TCS has considered a draft of eight metres with vessel capacity of around 10,000 DWT (dead weight tonnage). The above developments were discussed at an interactive session with TCS officials organised by the directorate general of shipping here on Wednesday. The draft report is likely to be submitted in the next two weeks.
It will later be examined by the DGS, as well as the ministry of shipping, which will take a months time, sources said.
The study has highlighted the need for two additional ports in every coastal state on the basis of cargo study undertaken on the origin and destination of cargo in the coastal belt. Currently, 90 per cent of the coastal trade is handled by the major ports.
According to the study undertaken by TCS so far, a one per cent shift from the surface transport (including road and rail) would mean an increase of 33 per cent to the existing coastal trade, sources said. The existing coastal trade in India is around 90 million tonne, while the cargo moved by the surface transport is around 2,800 million tonne, industry sources said. The coastal route is one-third in terms of operational cost when compared to the railways, and one-tenth that of road transport. However, the subsidised road and railways disturbs the feasibility of coastal shipping here unlike in developed countries where it is subsidised vis-a-vis roads and railways, sources said.
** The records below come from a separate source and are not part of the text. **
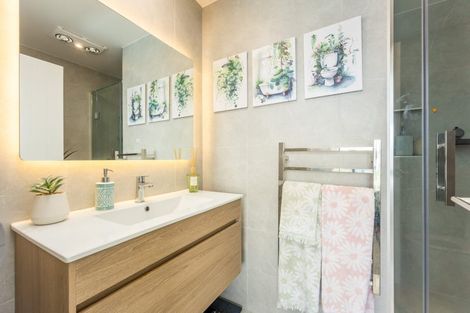 Photo of property in 11a Rockpool Road, Orewa, 0931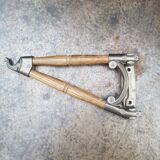Porte manteau patère pivotante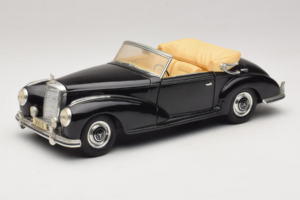 Mercedes 300S Juodas Maisto 1:18 52116-P1 Metalas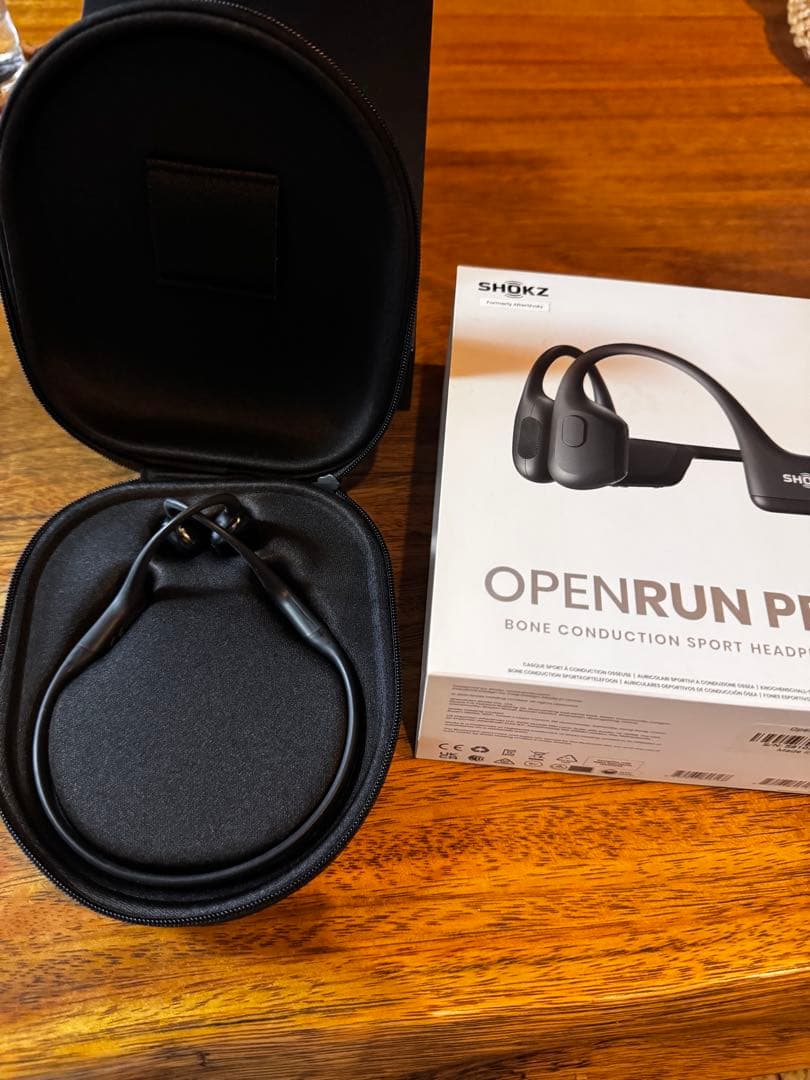 SHOKZ OPENRUN PRO 骨伝導ヘッドフォン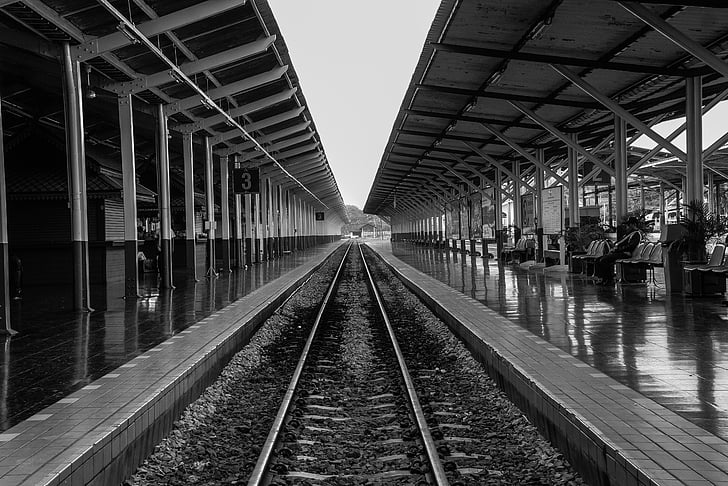 železniška postaja, premestitev ekvator pogled, črno-belo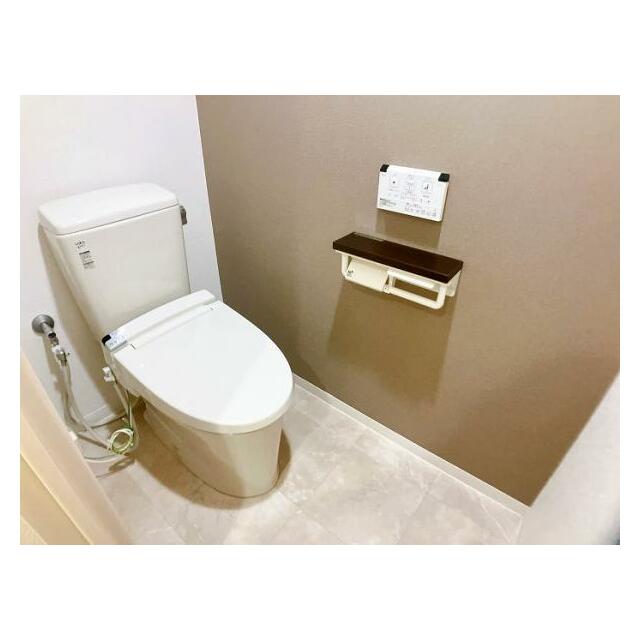 「洋室」たっぷりとした収納スペースがあります。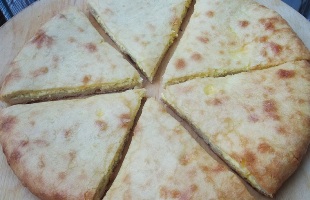 Kulac me djathe dhe kos. Receta gatimi tradicionale.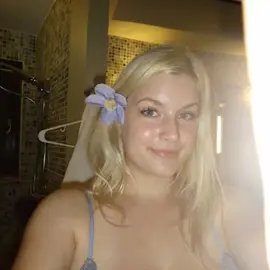 Olivia Charlotte profile image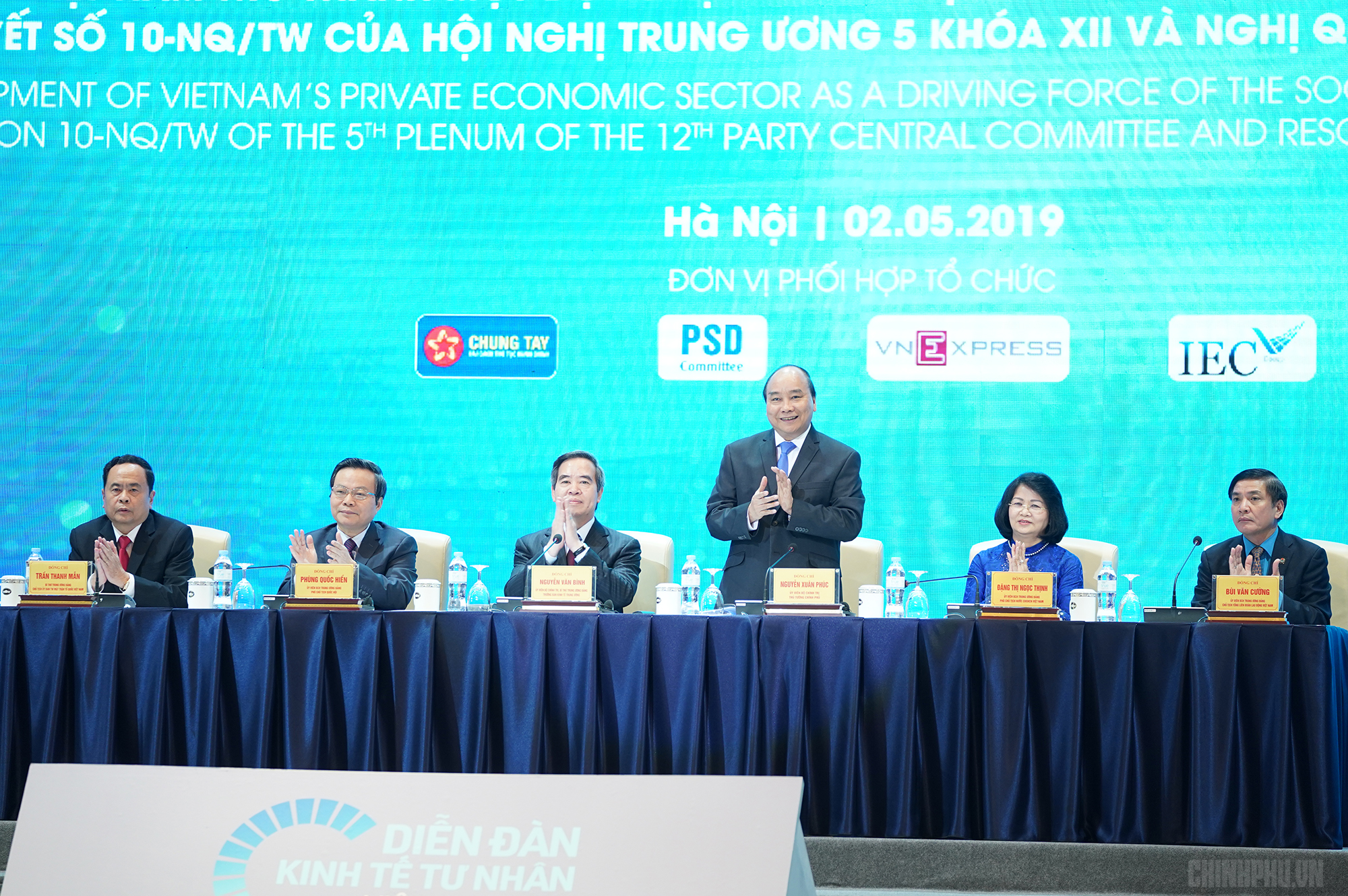 Thủ tướng dự Diễn đàn Kinh tế tư nhân năm 2019. Ảnh VGP/Quang Hiếu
Coastal shipping has been a neglected area in the country with a coastline of around 7,000 km. The study, when completed, should facilitate a regime of coastal trade in India, sources added.
TCS had bagged the mandate to conduct the study on coastal shipping, by pipping 11 other contenders. The study undertaken for the first time in the country, apart from guaging the trade routes and identifying potential cargo movements would also suggest a legal framework to facilitate coastal shipping, sources added.